> _WHAT YOU HAVE TO DO_
Make an exact copy of the records, and keep the pictures out of it.

Scraped caption text data:
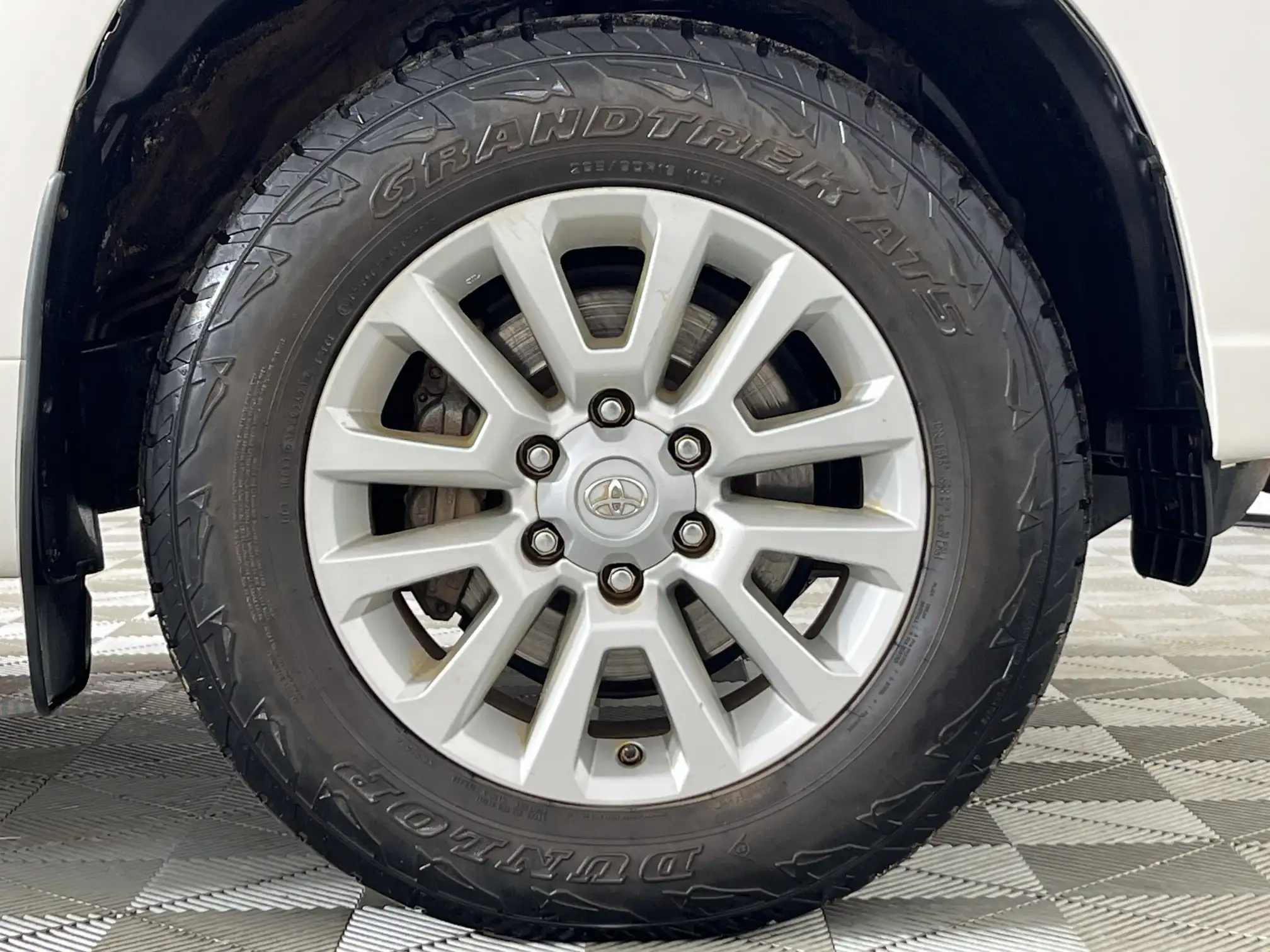Toyota Prado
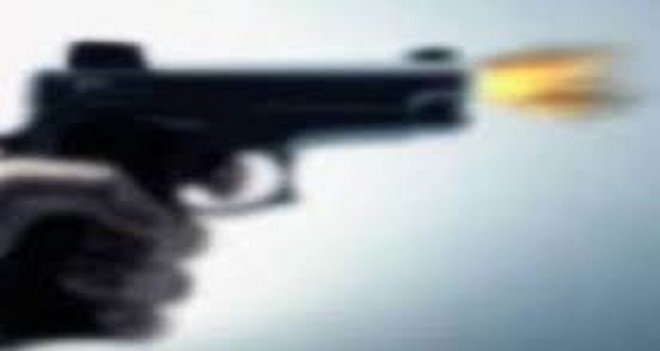 Emekli öğretmen lüks dairesinde ölü bulundu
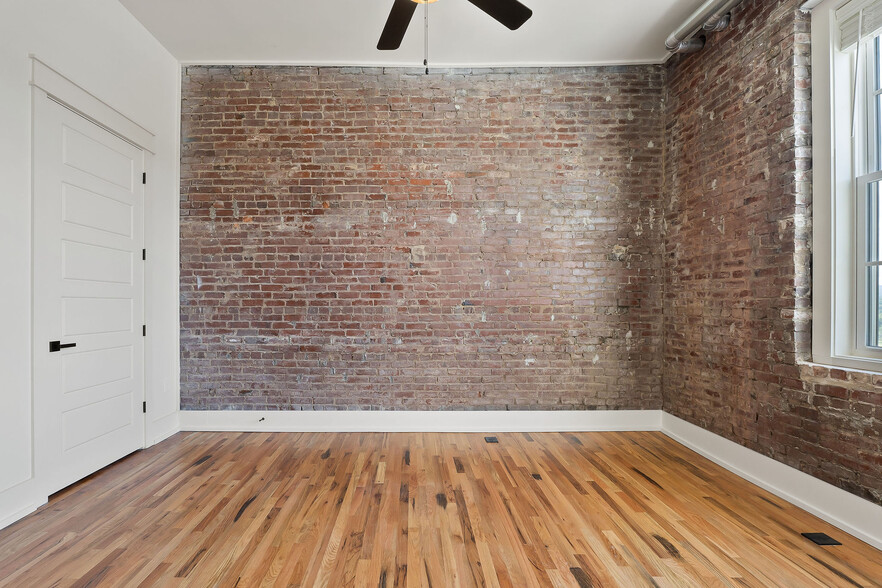 Building Photo - 211 W Colville St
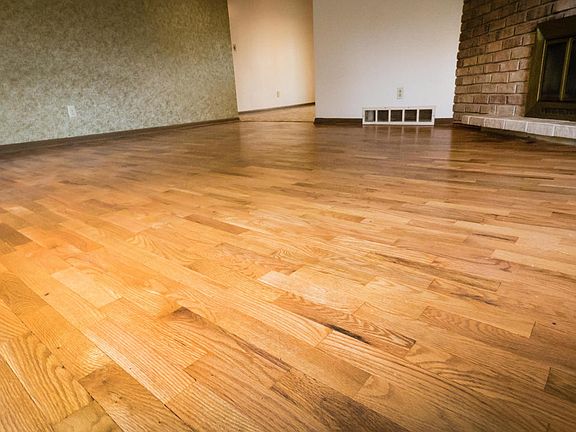 4th image of 1638 S Teakwood Dr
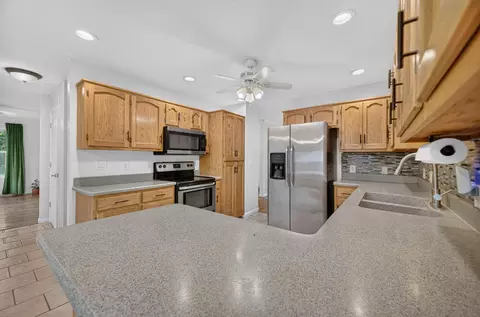 Kitchen - 2024 Dark Valley Rd, Marshfield, MO 65706 photo 5 of 7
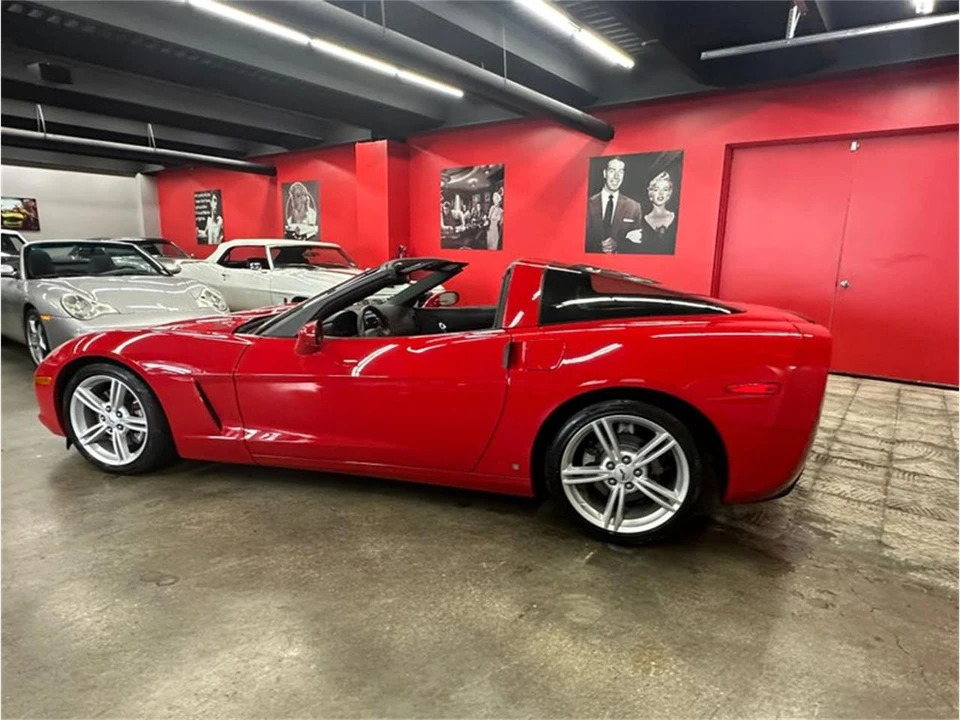 2008 Chevrolet Corvette C6 - Image 25 of 31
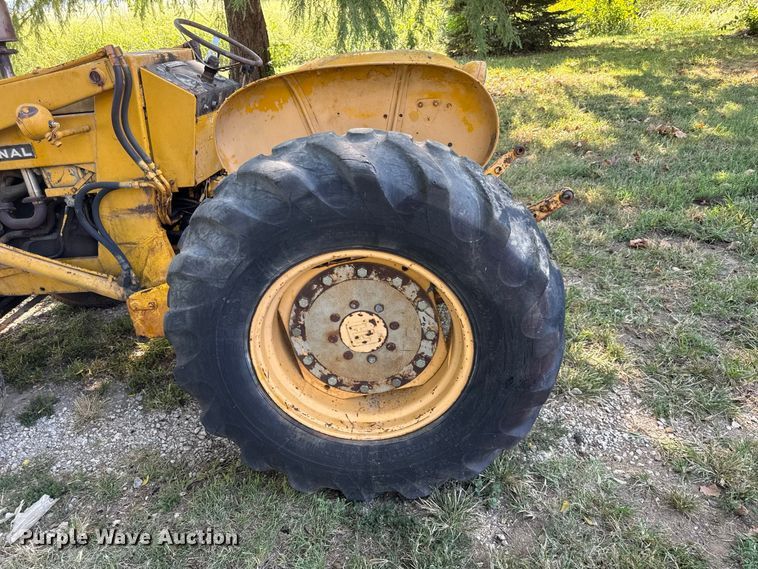 image for item EX2233 International 3414 tractor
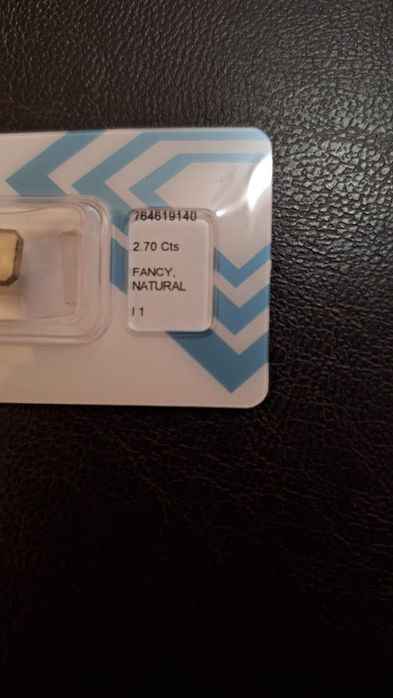 Diamant colorat natural 2.70 carate
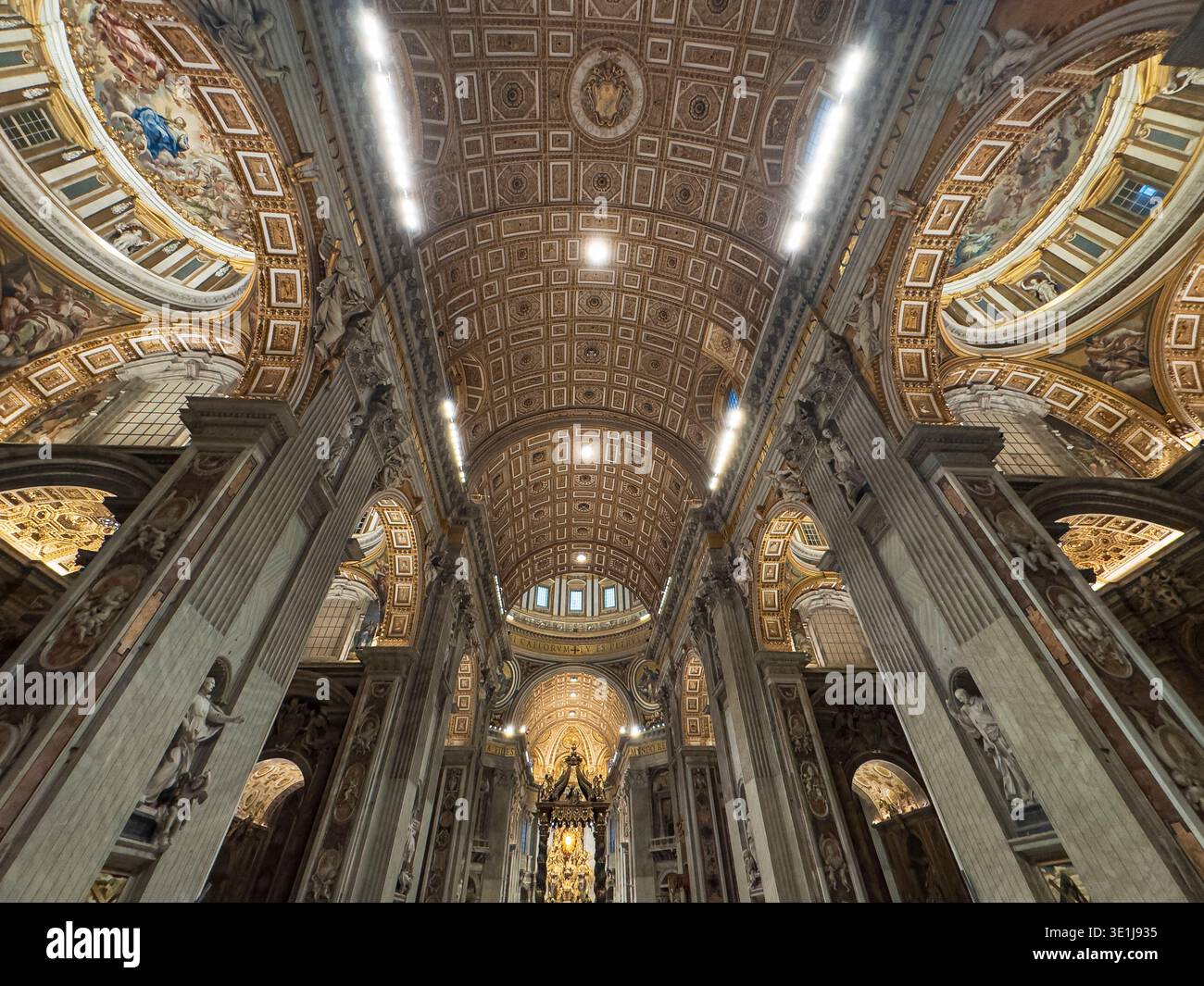 Contemplez vers le haut le plafond géométrique du Baldachin et du dôme dans le magasin Peters Basiclica. Rome, Italie. - Image de stock capturée avec un smartphone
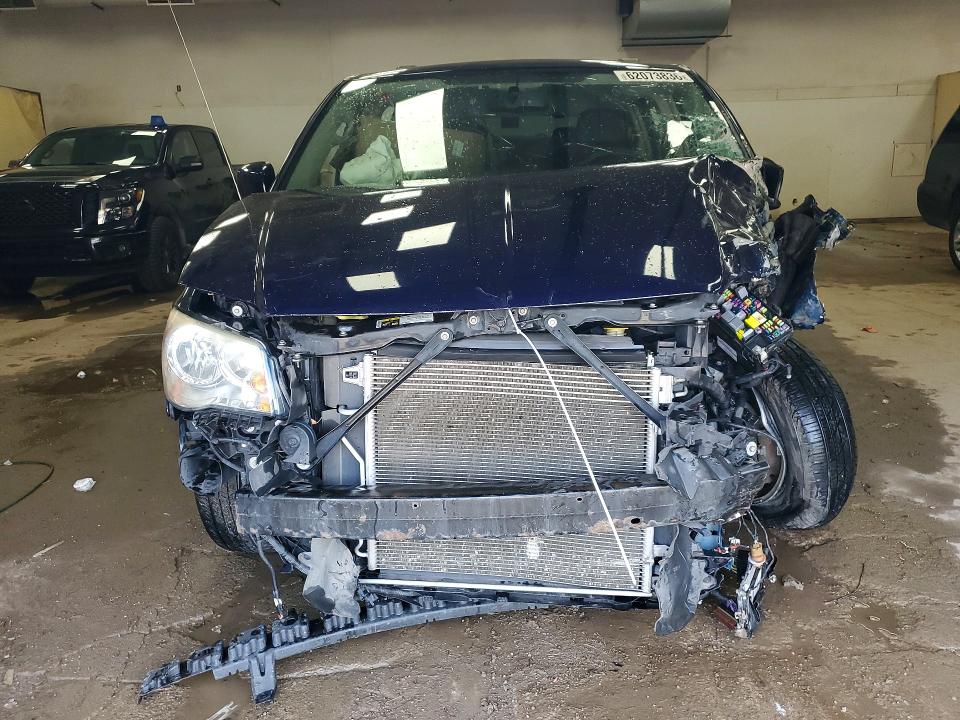 62073836 :رقم المزاد ، 2C4RC1BG4ER112148 vin ، 2014 Chrysler Town & Country مزاد بيع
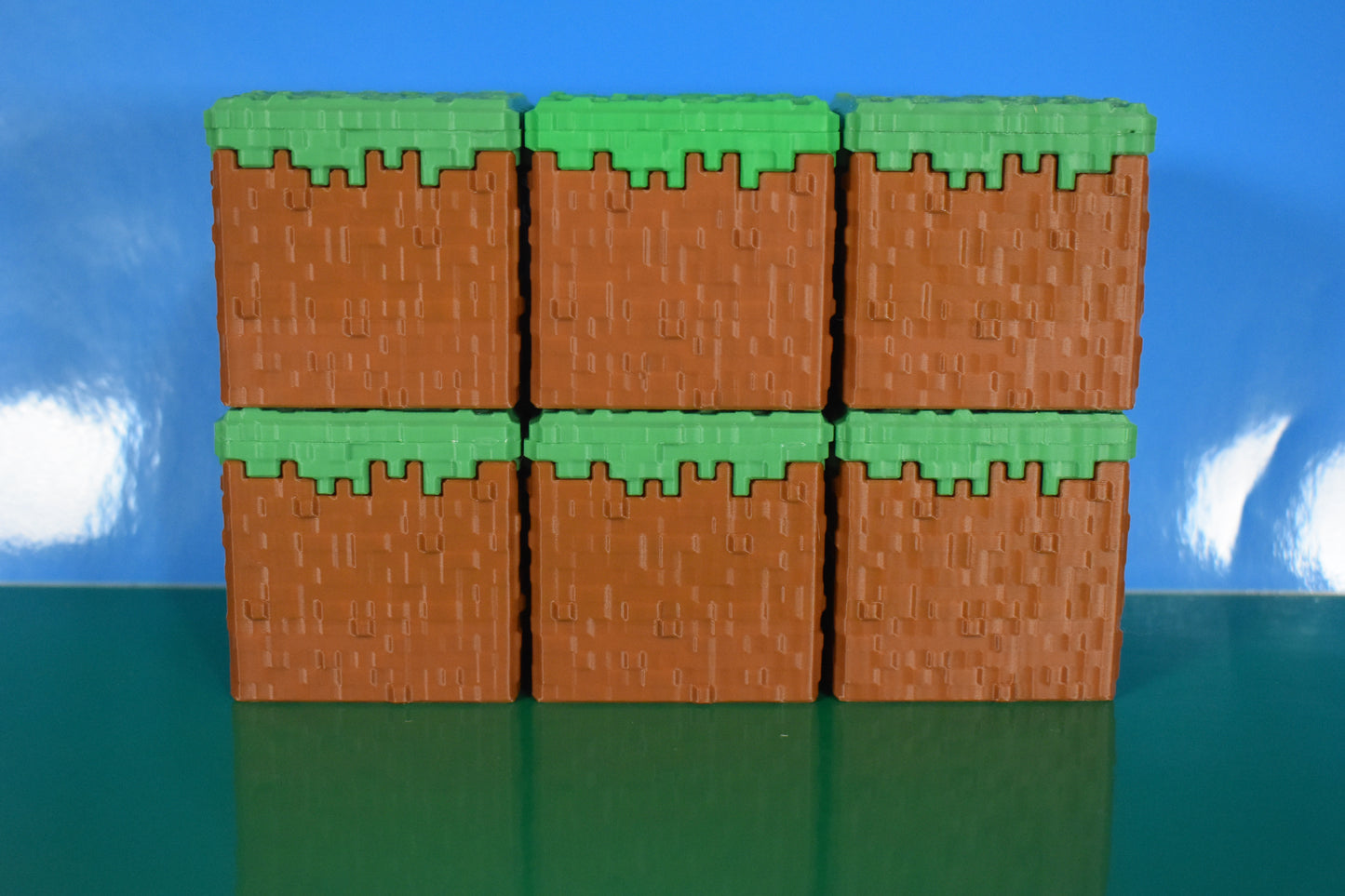 Mini Grass Block Container – 2″ Voxel-Style Desk Storage Cube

> _WRITTEN RESPONSE_
Toyota Prado
 Emekli öğretmen lüks dairesinde ölü bulundu
 Building Photo - 211 W Colville St
 4th image of 1638 S Teakwood Dr
 Kitchen - 2024 Dark Valley Rd, Marshfield, MO 65706 photo 5 of 7
 2008 Chevrolet Corvette C6 - Image 25 of 31
 image for item EX2233 International 3414 tractor
 Diamant colorat natural 2.70 carate
 Contemplez vers le haut le plafond géométrique du Baldachin et du dôme dans le magasin Peters Basiclica. Rome, Italie. - Image de stock capturée avec un smartphone
 62073836 :رقم المزاد ، 2C4RC1BG4ER112148 vin ، 2014 Chrysler Town & Country مزاد بيع
 Mini Grass Block Container – 2″ Voxel-Style Desk Storage Cube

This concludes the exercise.